Kmod-nft-offload: |work|
Unlocking Wire-Speed Networking: A Deep Dive into kmod-nft-offload and Hardware Acceleration
In the world of Linux networking, the mantra has long been "software-defined flexibility." The nftables framework revolutionized packet filtering by replacing the older iptables with a more efficient, expressive, and stateful system. However, as network interface card (NIC) speeds climb from 10GbE to 100GbE and beyond, even the most optimized kernel networking stack struggles to keep up without consuming massive CPU resources.

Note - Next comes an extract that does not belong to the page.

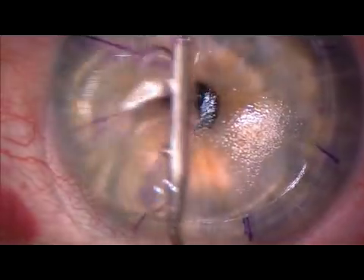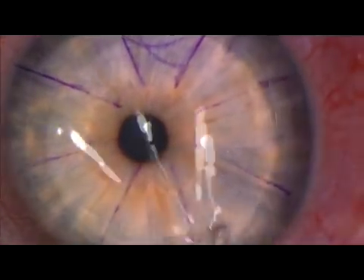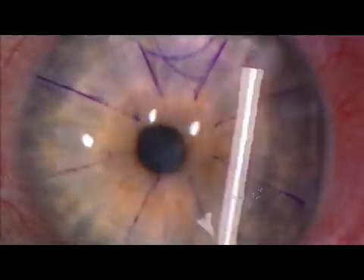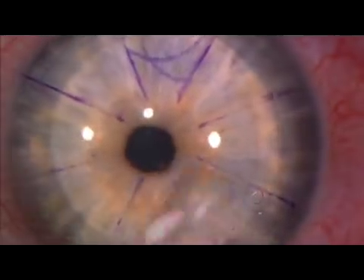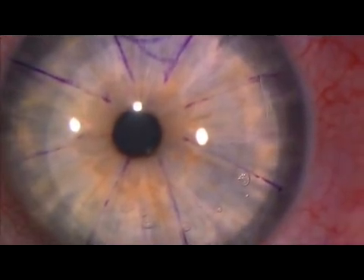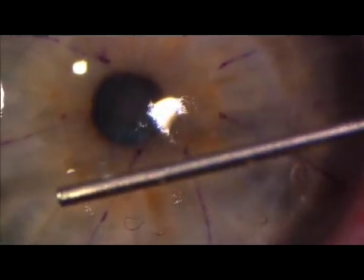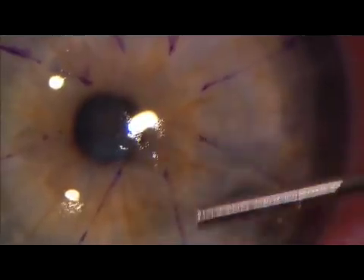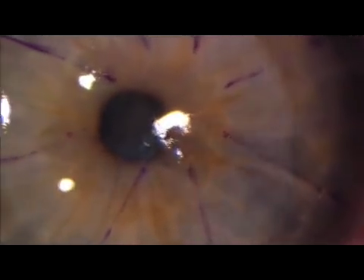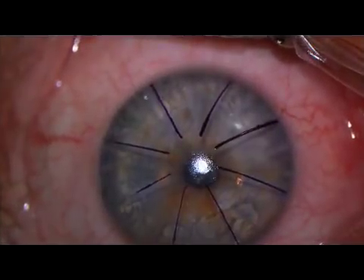I like to float the flap in place and to use the generous markings to ensure an optimal fit. Bubbles can be seen in the interface. Surgery proceeds in a similar fashion for the other eye.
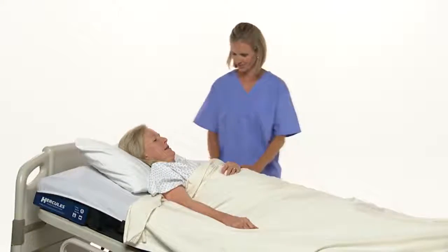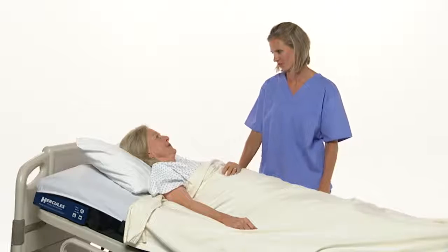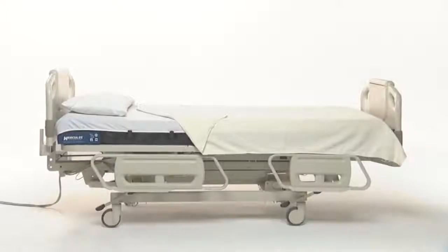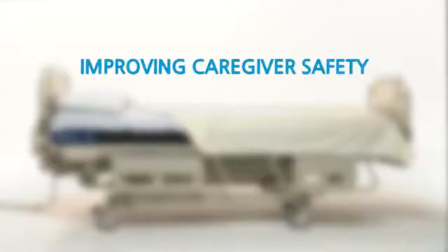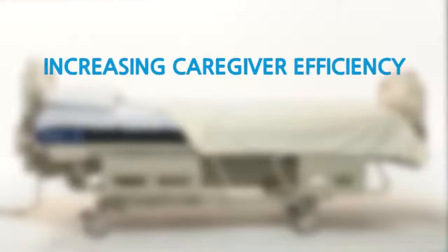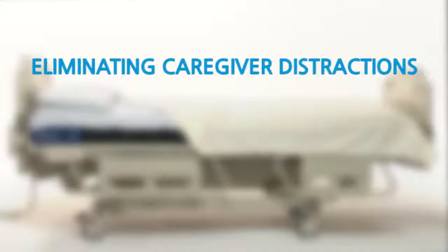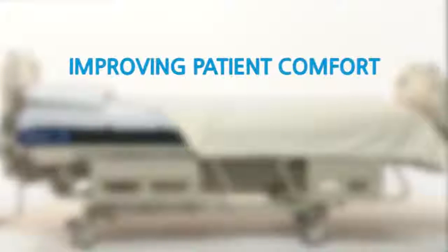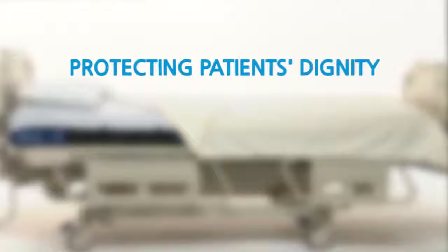And since only one person is needed to reposition the patient, caregivers have more time for value-added nursing activities. The Hercules Patient Repositioner: improving caregiver safety, increasing caregiver efficiency, eliminating caregiver distractions, improving patient comfort, and most important, protecting the patient's dignity.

Enter hardware offloading. This is where the unassuming kernel module kmod-nft-offload takes center stage. This article explores what this module is, how it works, and how you can leverage it to transform your Linux box from a software bottleneck into a wire-speed forwarding engine.
Quick start
# Clone / install the module
git clone https://github.com/your-repo/kmod-nft-offload
cd kmod-nft-offload
make && sudo make install
2. Offload Doesn't Engage for Conntrack
You cannot offload ct state established easily because the hardware would need to maintain stateful timers. For true offload, use stateless rules or ensure tc can offload the connection tracking (requires advanced hardware with full conntrack offload, like Mellanox ASAP²).
Step 3: Create the nftables Ruleset
We will offload a simple forward between two interfaces (eth0 to eth1). kmod-nft-offload
# Create a table with netdev family (best for forwarding offload)
nft add table netdev filter
Conclusion
The kmod-nft-offload kernel module is a hidden gem in the Linux networking stack. It bridges the gap between high-level configuration via nftables and the blistering speed of modern SmartNICs.
Key Takeaways:
- Do not use it if you have standard 1GbE NICs or complex, stateful rules.
- Do use it if you run a router/firewall on 25GbE+ Mellanox hardware with simple forwarding logic.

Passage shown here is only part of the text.